Só que isso não é fácil, tá? Porque não é topar dizendo o que o outro pode. É topar o outro como ele quer ser, nos termos dele, com as opiniões dele. O Popper jamais diz que não deve se tolerar os intolerantes. Pelo contrário, ele é muito claro. De novo as aspas. “Não insinuo”, isso é o Popper dizendo, “que devamos sempre suprimir a expressão de filosofias intolerantes, desde que possamos combatê-las com argumentos racionais e mantê-las em xeque frente à opinião pública.”
Quer dizer: está tudo certo algumas correntes serem intolerantes desde que elas não ameacem à democracia. Jair Bolsonaro ameaçou a democracia.
Mas aí precisamos nos fazer uma pergunta. Todos os políticos de direita brasileiros seriam golpistas? Levariam, necessariamente, ao fim da democracia? Porque a maioria dos políticos de direita já estavam aí antes de Bolsonaro. E nunca, nenhum deles, ameaçou qualquer coisa. Foi Bolsonaro e o círculo dele.
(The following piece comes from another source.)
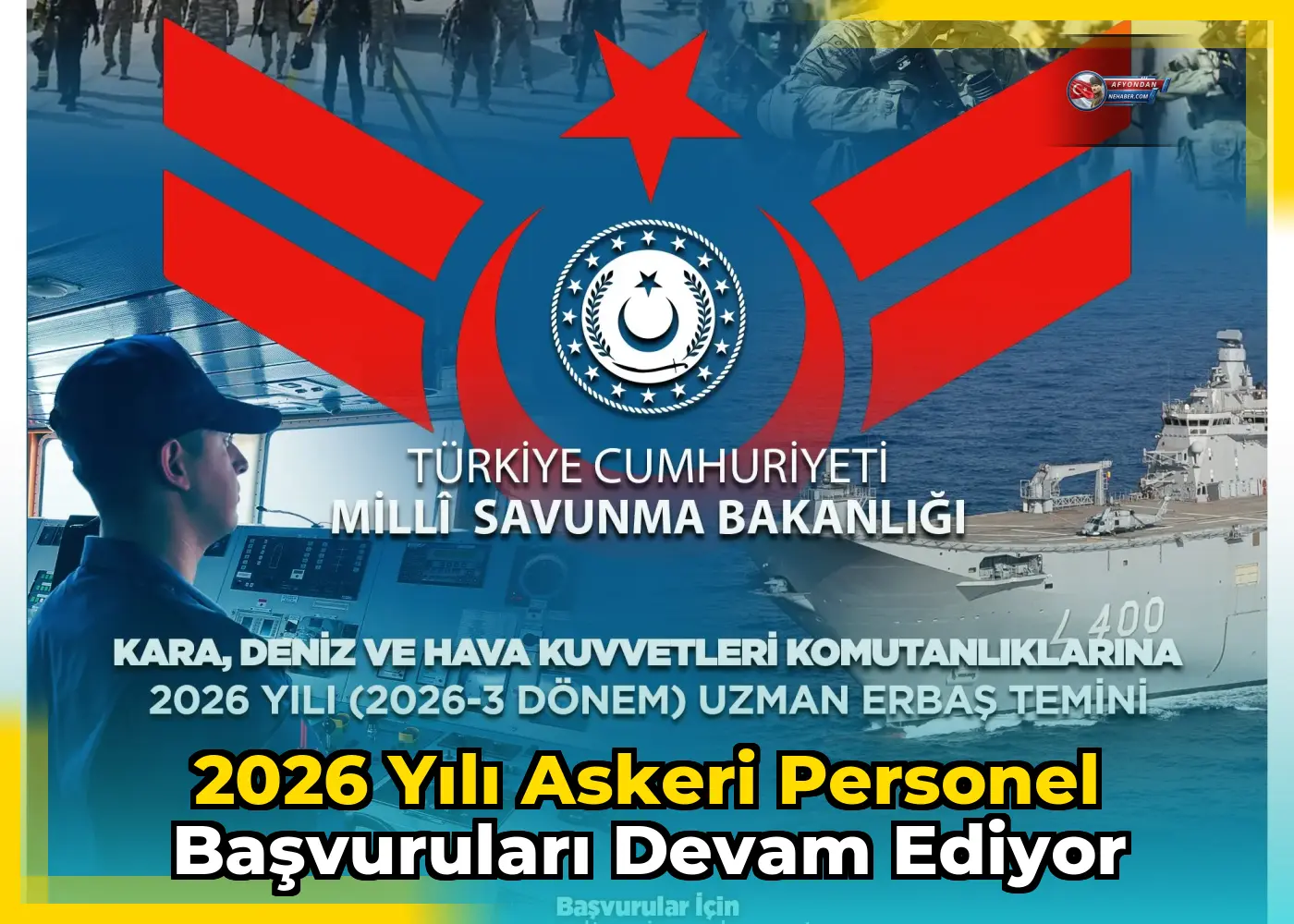 2026 Yılı Askeri Personel Başvuruları Devam Ediyor
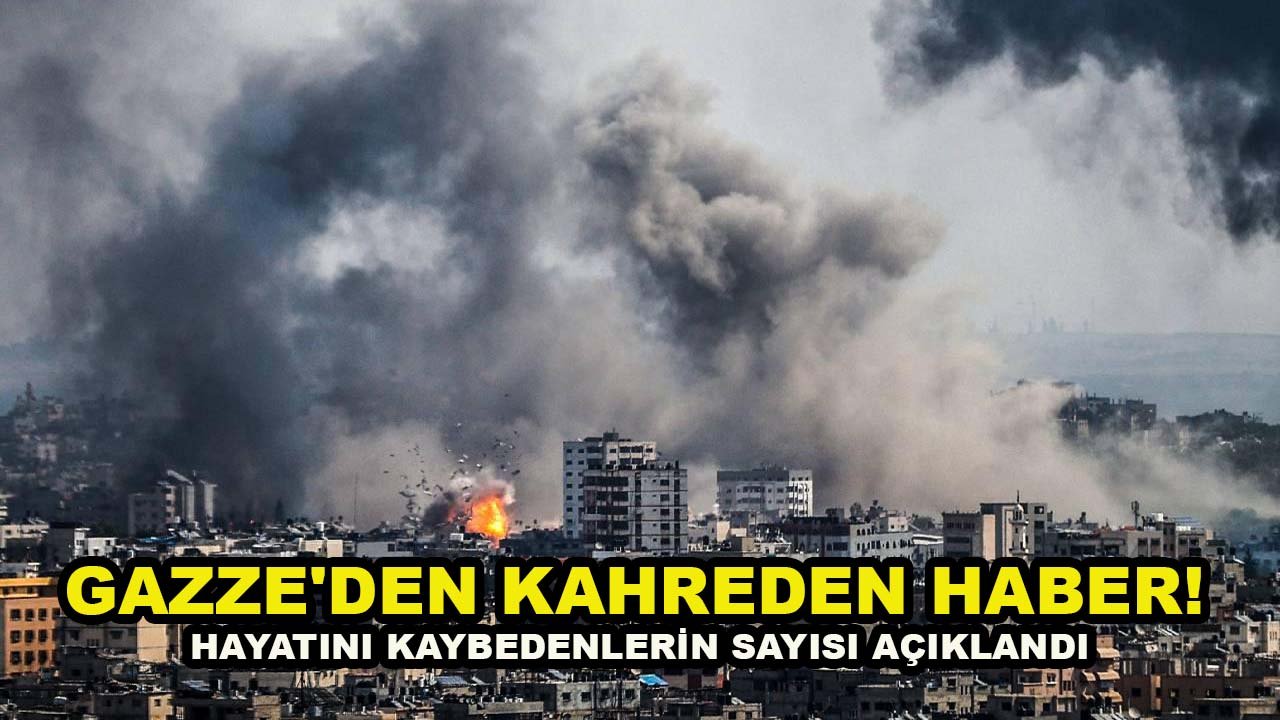 Gazze'den kahreden haber! Hayatını kaybedenlerin sayısı açıklandı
Podemos ampliar a pergunta. Todos os 58 milhões de brasileiros que votaram em Bolsonaro desejam o fim da democracia? As pesquisas dizem que não.
Mas, vamos lá. Se respondemos sim a ambas as perguntas, se consideramos que todo político de direita é golpista e metade do eleitorado não deseja a democracia, então estamos sugerindo que devemos excluir do jogo metade do país. Mas, se excluímos por completo a direita, já não temos mais uma sociedade aberta. Não há mais democracia porque não cumpre os requisitos mínimos. Se nos recusamos a conversar com quem é de direita, deixamos nós de cumprir o requisito da tolerância. Da capacidade de ouvir e aceitar quem pensa muito diferente.
Um dos problemas que temos aqui, só para ficar claro, é que vivemos num país conservador. Jair Bolsonaro, ao menos por enquanto, está fora do jogo. Não vai ser candidato. E precisamos, neste momento de radicalização, aprender a voltar a conversar, a conviver. Sentar com alguém que tenha votado em Jair Bolsonaro não é se tornar fascista, é fazer o que democratas fazem. Ouvir. Se a gente não começar a compreender e aceitar os anseios e os medos dos eleitores de Bolsonaro, eles seguirão eleitores de Bolsonaro. Vejam: compreender e aceitar não é o mesmo que concordar. Mas é o mesmo que reconhecer que há um debate para se ter.
Tem gente demais repetindo que não se deve tolerar os intolerantes sem nunca ter lido Popper, sem ao menos entender o que o Popper estava dizendo. É pegar uma nota de pé de página e ignorar os dois volumes que vêm ao redor dela. Ninguém falou que ia ser fácil. Que é fácil. Em momentos como esse, é muito, muito difícil.
Mas só para deixar claro: se concluirmos que metade dos brasileiros não podem fazer parte do jogo, aí quem matou a democracia fomos nós. Sabe, não chegam a vinte os homens e mulheres que planejaram um golpe de Estado. Estes cometeram um crime, devem ser julgados e presos. Mesmo que a gente some os mil e poucos no inquérito do 8 de janeiro, isso é traço percentual perante o Brasil inteiro. Os 58 milhões de eleitores que votaram em Bolsonaro são brasileiros como nós, com valores diferentes dos nossos, e ao invés de sair condenando a gente precisa parar para ouvir. Não existe democracia brasileira sem eles terem voz, sem eles terem parte de seus objetivos atendidos. É dura a coisa. Mas, se a gente quer uma democracia, é assim que funciona.
Pregar o fim do diálogo não é o jeito de salvar democracia alguma. Pregar o fim do diálogo, dizer que são inaceitáveis, é antidemocrático.